Saved data entries
-- Opening Marker --

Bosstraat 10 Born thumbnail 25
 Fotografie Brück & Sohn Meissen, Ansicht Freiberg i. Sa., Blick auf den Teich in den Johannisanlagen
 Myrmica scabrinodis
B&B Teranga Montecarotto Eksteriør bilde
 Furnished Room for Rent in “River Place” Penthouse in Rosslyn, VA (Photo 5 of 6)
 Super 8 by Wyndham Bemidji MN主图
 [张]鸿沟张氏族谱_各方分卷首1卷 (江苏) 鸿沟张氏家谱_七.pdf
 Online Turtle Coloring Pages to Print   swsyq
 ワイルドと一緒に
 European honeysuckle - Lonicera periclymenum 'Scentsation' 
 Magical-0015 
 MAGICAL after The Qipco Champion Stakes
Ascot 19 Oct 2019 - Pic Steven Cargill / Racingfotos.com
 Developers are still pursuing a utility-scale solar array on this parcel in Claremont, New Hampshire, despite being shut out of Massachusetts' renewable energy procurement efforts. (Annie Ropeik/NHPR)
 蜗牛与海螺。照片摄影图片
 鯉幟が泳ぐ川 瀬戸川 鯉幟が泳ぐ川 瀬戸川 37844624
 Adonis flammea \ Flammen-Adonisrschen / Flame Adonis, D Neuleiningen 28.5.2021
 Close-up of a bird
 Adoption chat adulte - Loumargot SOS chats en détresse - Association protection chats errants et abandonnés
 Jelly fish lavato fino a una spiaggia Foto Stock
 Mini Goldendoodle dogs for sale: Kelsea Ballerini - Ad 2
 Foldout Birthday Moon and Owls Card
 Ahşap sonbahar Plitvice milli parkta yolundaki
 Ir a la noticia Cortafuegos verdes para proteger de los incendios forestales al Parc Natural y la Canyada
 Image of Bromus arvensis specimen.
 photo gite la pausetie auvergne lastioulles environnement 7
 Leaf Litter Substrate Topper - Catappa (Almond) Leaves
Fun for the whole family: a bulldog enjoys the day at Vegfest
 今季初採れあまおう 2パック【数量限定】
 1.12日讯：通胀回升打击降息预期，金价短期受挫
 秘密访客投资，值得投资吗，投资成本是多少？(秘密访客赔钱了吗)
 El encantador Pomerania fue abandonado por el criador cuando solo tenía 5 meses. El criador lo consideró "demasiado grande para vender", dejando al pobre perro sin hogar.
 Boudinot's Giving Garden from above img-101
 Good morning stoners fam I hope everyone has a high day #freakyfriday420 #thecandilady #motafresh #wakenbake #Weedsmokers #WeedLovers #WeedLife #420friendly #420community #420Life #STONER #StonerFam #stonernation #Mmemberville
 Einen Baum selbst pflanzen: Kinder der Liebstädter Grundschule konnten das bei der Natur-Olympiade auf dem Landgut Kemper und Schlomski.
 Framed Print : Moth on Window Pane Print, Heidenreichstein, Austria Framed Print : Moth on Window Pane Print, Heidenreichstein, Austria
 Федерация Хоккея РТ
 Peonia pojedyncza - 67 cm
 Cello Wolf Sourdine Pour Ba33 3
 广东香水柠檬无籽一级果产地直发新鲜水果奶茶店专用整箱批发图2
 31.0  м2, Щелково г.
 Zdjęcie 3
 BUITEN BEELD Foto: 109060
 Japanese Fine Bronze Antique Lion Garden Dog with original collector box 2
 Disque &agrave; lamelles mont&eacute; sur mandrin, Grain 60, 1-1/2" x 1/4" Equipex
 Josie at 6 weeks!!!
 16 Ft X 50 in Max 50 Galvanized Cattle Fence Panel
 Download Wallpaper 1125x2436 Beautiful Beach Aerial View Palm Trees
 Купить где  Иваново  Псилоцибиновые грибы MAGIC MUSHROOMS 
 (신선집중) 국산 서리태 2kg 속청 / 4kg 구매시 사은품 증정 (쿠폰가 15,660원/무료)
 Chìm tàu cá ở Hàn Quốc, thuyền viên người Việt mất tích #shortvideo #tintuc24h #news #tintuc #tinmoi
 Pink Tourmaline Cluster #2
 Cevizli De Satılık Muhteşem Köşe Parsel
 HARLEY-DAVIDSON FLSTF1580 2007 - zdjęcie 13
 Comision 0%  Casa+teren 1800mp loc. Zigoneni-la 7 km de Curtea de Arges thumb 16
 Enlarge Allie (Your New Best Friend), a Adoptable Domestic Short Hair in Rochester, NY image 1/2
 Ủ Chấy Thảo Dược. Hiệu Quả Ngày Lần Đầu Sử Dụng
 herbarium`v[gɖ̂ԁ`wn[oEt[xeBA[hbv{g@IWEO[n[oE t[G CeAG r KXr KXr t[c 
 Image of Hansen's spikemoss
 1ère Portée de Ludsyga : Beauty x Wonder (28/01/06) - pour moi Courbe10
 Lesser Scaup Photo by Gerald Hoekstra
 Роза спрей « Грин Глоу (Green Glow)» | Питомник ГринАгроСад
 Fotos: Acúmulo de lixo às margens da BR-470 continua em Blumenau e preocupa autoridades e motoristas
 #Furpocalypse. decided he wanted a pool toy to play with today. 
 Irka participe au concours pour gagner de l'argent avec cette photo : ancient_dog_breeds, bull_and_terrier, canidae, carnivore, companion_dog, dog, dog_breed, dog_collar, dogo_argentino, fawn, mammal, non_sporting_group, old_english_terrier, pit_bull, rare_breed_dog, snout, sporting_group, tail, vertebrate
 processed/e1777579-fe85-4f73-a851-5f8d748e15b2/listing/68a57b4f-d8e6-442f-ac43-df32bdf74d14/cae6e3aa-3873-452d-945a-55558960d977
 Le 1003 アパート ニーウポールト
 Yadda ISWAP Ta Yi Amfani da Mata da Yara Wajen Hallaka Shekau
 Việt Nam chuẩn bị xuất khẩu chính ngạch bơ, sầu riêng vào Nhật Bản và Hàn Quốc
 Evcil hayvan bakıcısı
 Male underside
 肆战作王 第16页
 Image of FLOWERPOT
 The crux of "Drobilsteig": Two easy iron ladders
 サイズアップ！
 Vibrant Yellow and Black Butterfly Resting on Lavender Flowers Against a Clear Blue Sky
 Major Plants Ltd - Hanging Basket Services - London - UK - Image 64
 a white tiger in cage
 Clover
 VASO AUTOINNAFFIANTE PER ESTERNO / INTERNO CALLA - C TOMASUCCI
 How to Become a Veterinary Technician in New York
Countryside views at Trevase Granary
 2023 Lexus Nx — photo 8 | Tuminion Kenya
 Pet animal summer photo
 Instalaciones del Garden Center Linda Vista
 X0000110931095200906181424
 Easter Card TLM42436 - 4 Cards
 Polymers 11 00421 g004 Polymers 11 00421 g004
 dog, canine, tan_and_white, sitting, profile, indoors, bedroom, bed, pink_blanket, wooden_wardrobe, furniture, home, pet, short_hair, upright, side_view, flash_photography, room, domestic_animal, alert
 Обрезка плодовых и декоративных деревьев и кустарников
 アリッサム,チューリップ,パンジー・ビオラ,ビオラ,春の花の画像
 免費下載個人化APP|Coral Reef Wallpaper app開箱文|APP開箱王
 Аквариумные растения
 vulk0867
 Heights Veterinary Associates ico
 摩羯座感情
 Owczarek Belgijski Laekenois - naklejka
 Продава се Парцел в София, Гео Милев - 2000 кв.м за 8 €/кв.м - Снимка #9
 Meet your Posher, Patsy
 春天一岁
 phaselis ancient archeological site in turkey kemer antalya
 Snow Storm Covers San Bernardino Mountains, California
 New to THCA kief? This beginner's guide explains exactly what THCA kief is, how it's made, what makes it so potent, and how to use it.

-- Closing Marker --

* Task item: In the data above, find the line with "Easter Card TLM42436 - 4 Cards" and the line with "アリッサム,チューリップ,パンジー・ビオラ,ビオラ,春の花の画像". Retype both, plus every line between them, exactly.

* Response to the task:
 Easter Card TLM42436 - 4 Cards
 Polymers 11 00421 g004 Polymers 11 00421 g004
 dog, canine, tan_and_white, sitting, profile, indoors, bedroom, bed, pink_blanket, wooden_wardrobe, furniture, home, pet, short_hair, upright, side_view, flash_photography, room, domestic_animal, alert
 Обрезка плодовых и декоративных деревьев и кустарников
 アリッサム,チューリップ,パンジー・ビオラ,ビオラ,春の花の画像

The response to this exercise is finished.